Oregon still picked up large chunks of yardage (not counting Hardick's run, the Ducks averaged 5.0 yards per carry), but this quartet deserves all kinds of credit for an outstanding all-around performance.
This game was as close as it was because of the plays they made.
Byron Marshall, Oregon: A
At times, Marshall had some big holes to work with, so you have to give credit to the offensive line as well.
In addition to bursting through those holes, though, the sophomore gained tough yardage between the tackles and looked very elusive in close spaces.
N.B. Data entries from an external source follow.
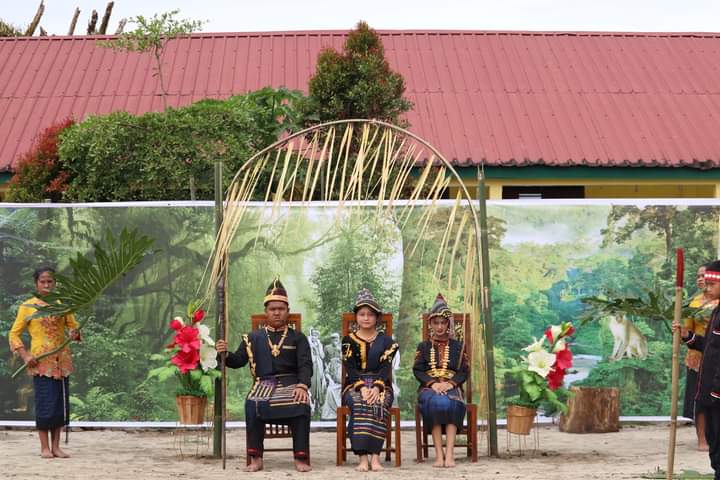 SMP N 1Salak Menyelenggarakan Pentas Seni dan Projek P5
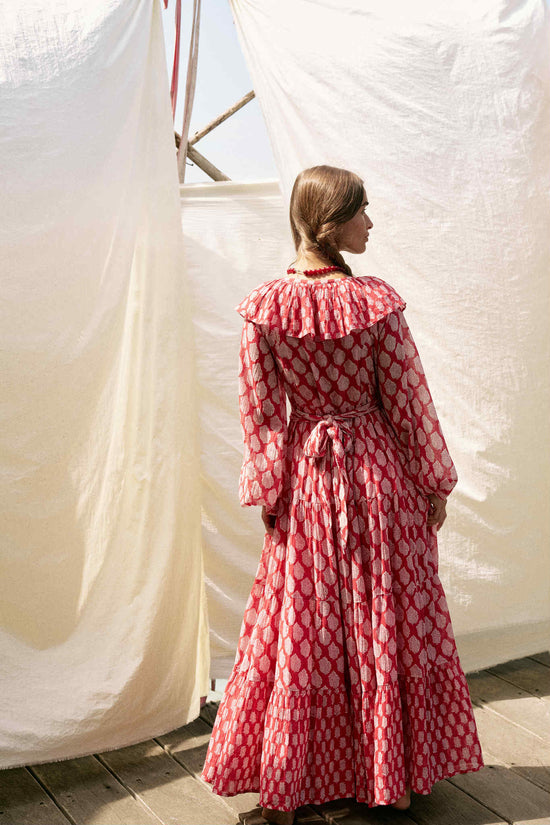 Pari Maxi Dress ~ Sangria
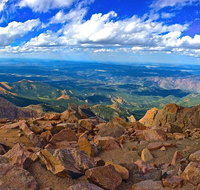 Pikes Peak and Garden of the Gods Tour from Denver - Accommodation New York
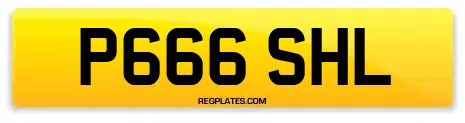 P666 SHL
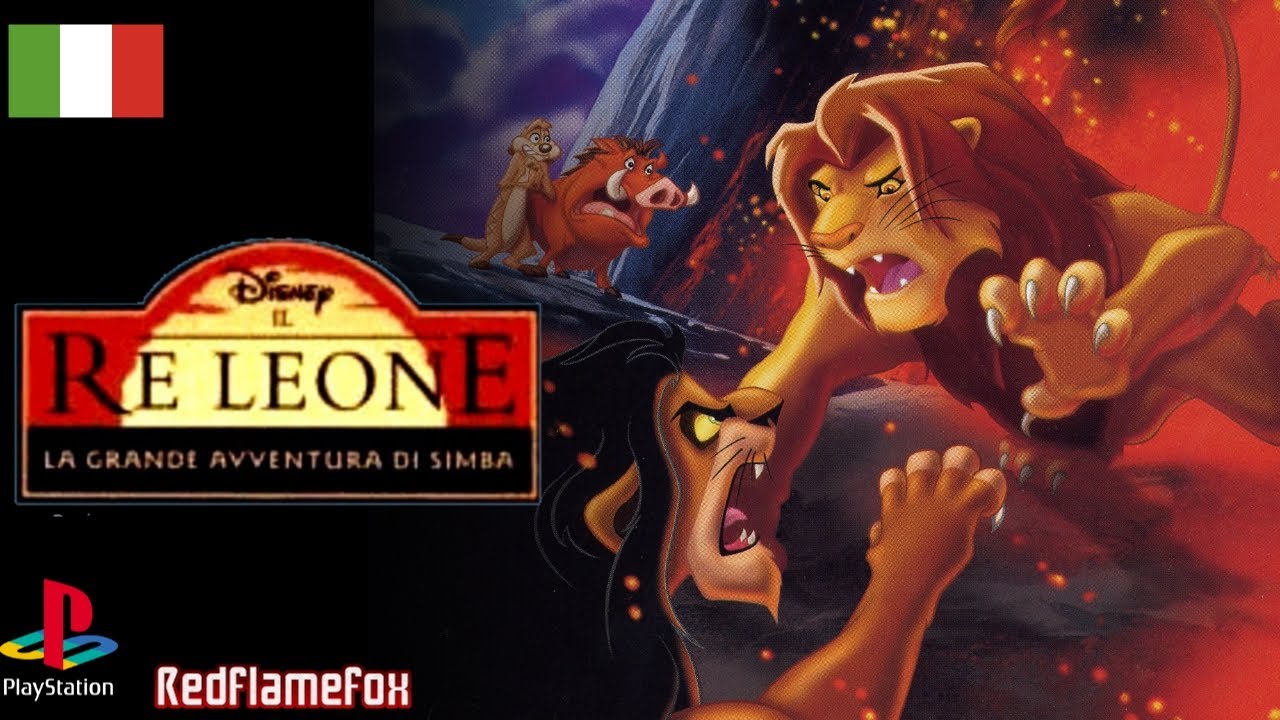 Il Re Leone: La Grande Avventura di Simba | Completo in ITALIANO [PS1 Game]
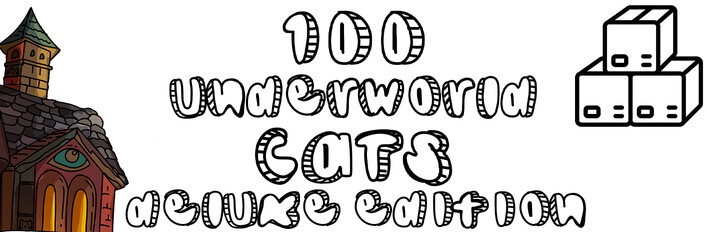 100 Underworld Cats Deluxe Edition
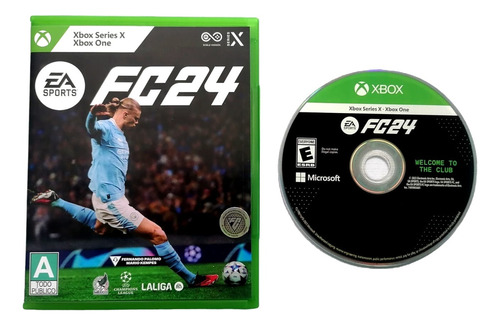 Ea Sports Fc 24 Xbox One Xbox Series X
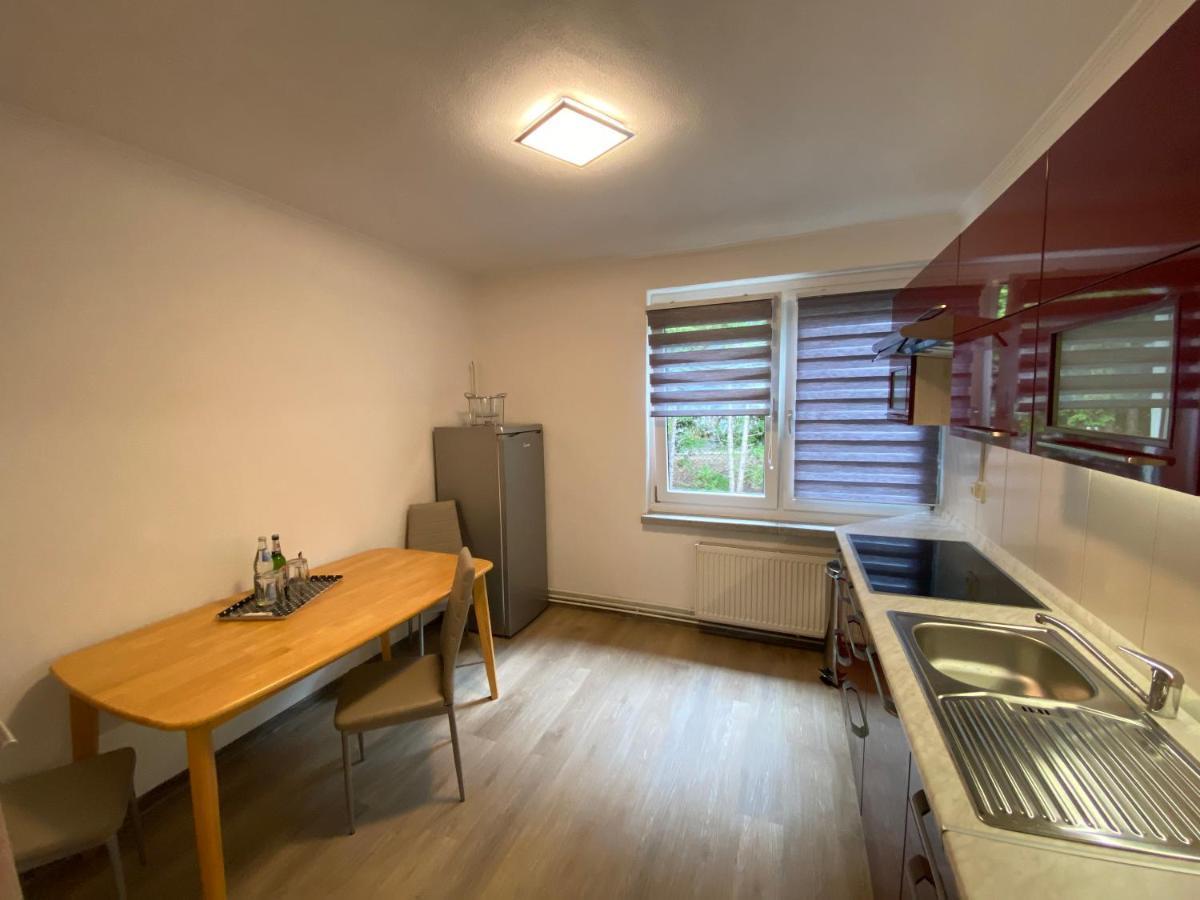 Pension Florion Bernburg Buitenkant foto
The Bruins had few answers for him.
With Alabama at No. 1, who should be No. 2 in the next BCS poll?
Oregon gets a week off before heading to Palo Alto to take on No. 6 Stanford in one of the biggest games of the college football season on Thursday, Nov. 7.
UCLA, meanwhile, will try to right the ship against Pac-12 bottom-dweller Colorado next Saturday at home.